---------- Working data

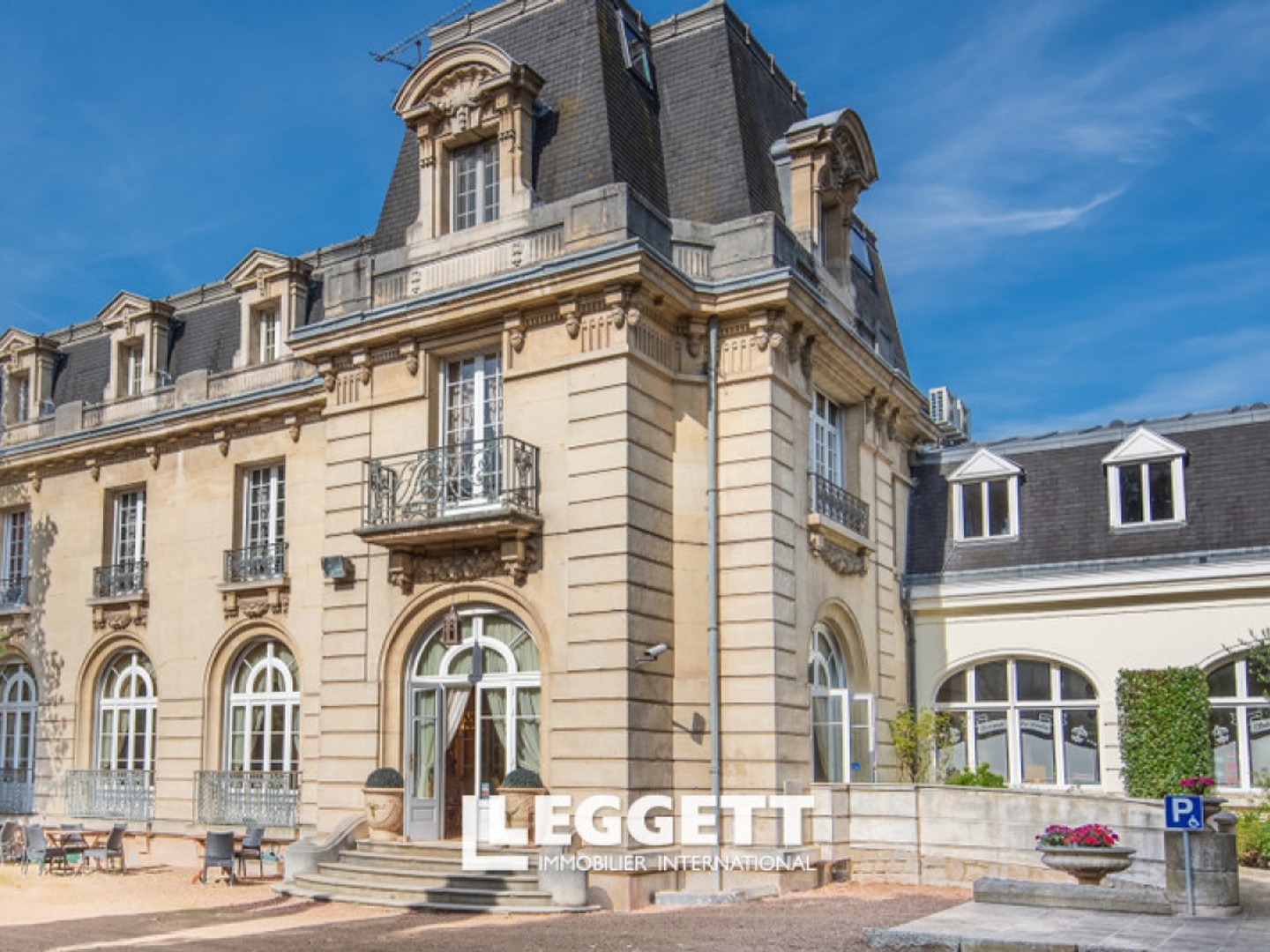 château 21 pièce(s), BÉTHUNE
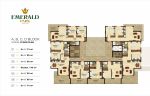 Floor Plans - Emerald Park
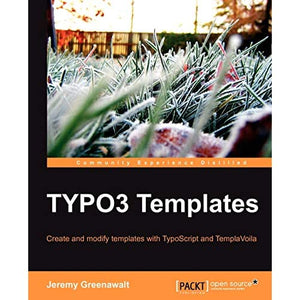 TYPO3 Templates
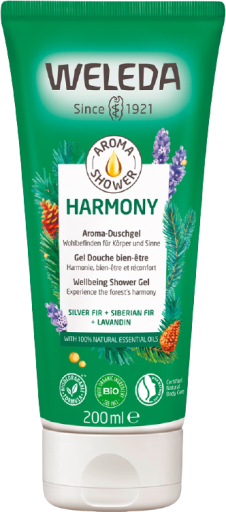Harmony Wellness Duschgel 200 ml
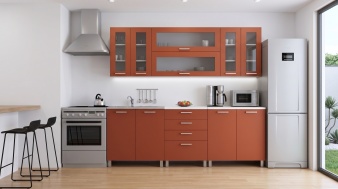 Кухня Эгина BMS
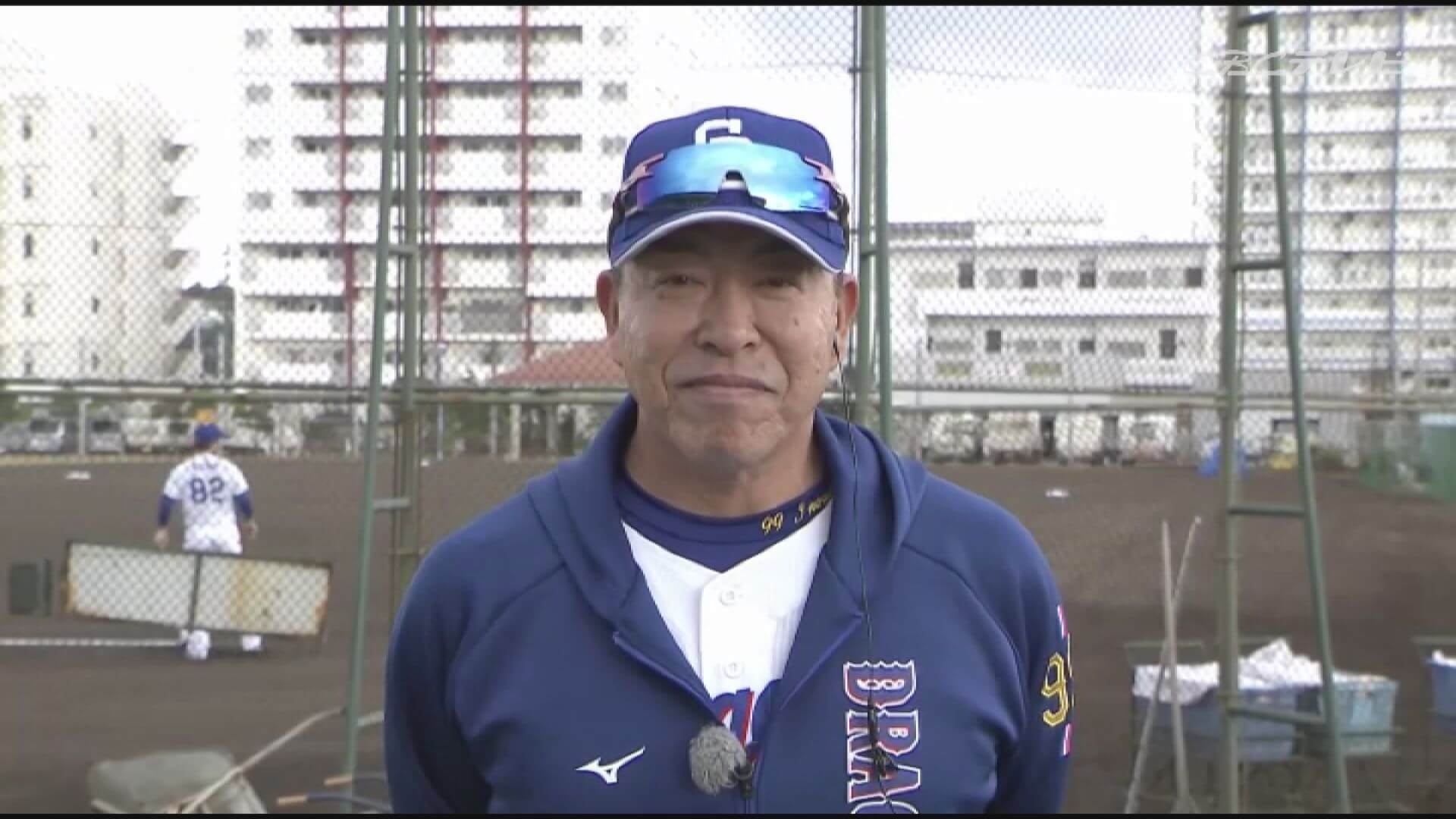球春到来！いよいよキャンプ開始！井上監督明言、竜のキーマンはキャッチャー！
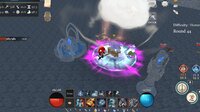 Serendia-Random Equip Draw Defense screenshot, image №4184065 - RAWG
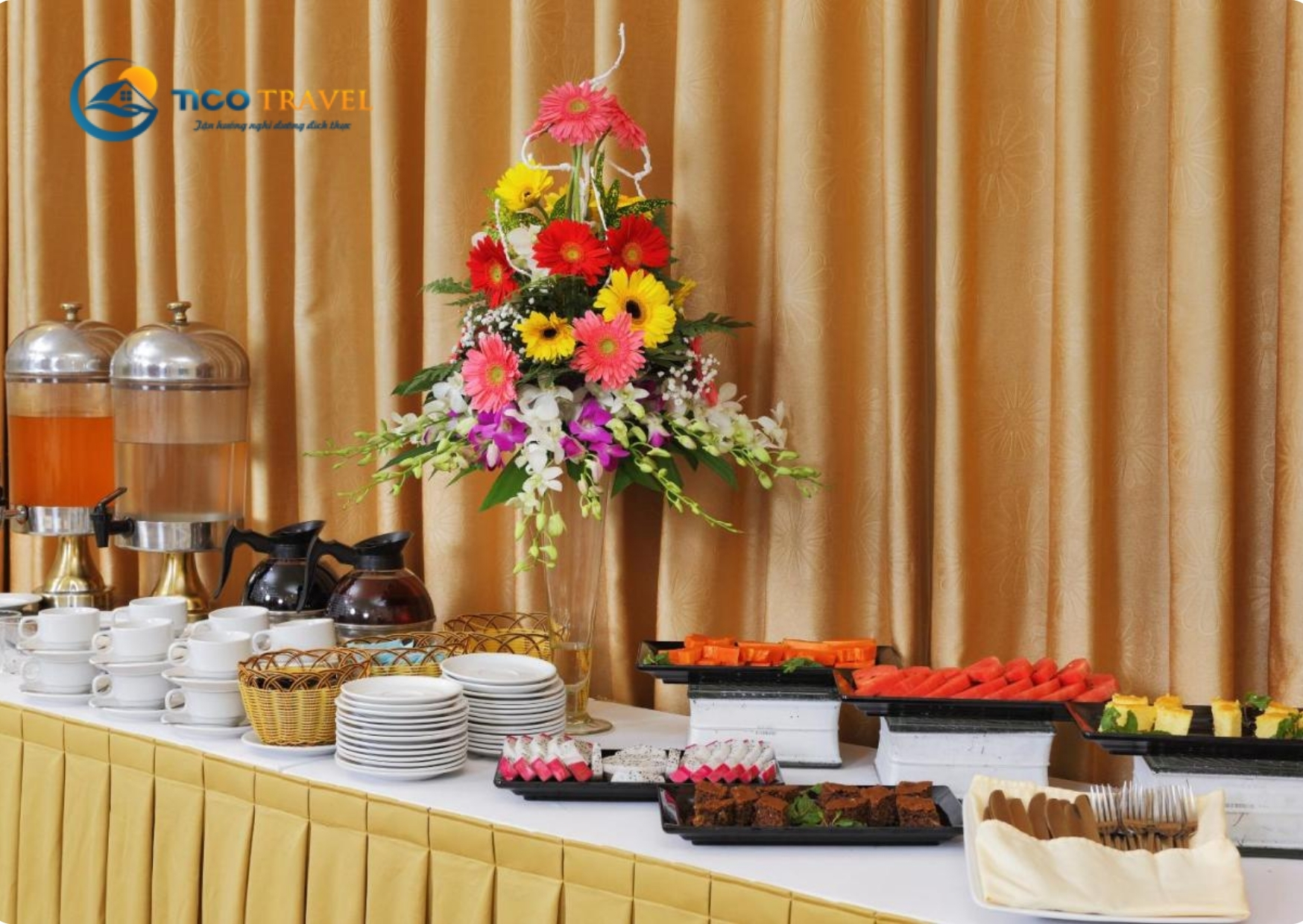 Kim Hoa Resort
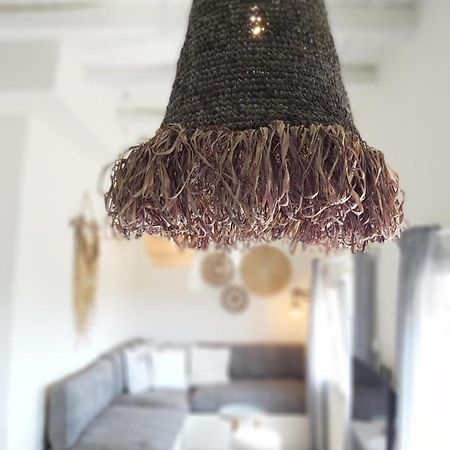 Syros-House Villa Azolimnos Eksteriør billede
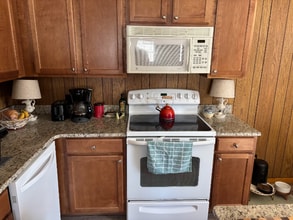 181 Nathan's Ln in Boone, NC - Foto de edificio - Building Photo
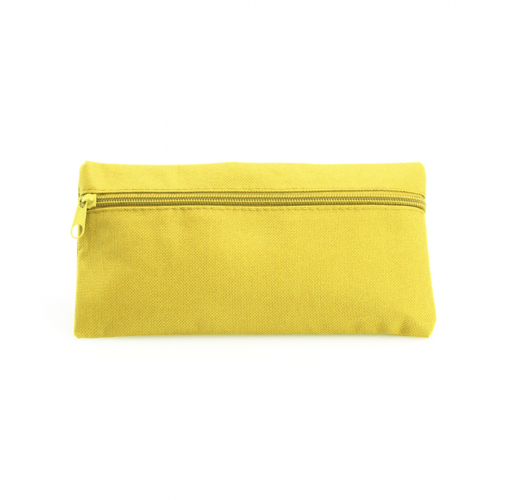 yellow Estuche Tage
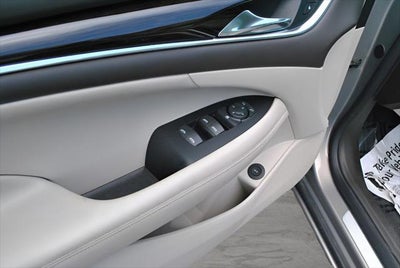 2017 Buick LaCrosse Preferred FWD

--------------------

Exercise
Exact copy, no pictures: set down all the entries again as they stand.

Answer below
 château 21 pièce(s), BÉTHUNE
 Floor Plans - Emerald Park
 TYPO3 Templates
Harmony Wellness Duschgel 200 ml
 Кухня Эгина BMS
球春到来！いよいよキャンプ開始！井上監督明言、竜のキーマンはキャッチャー！
 Serendia-Random Equip Draw Defense screenshot, image №4184065 - RAWG
 Kim Hoa Resort
 Syros-House Villa Azolimnos Eksteriør billede
 181 Nathan's Ln in Boone, NC - Foto de edificio - Building Photo
 yellow Estuche Tage
 2017 Buick LaCrosse Preferred FWD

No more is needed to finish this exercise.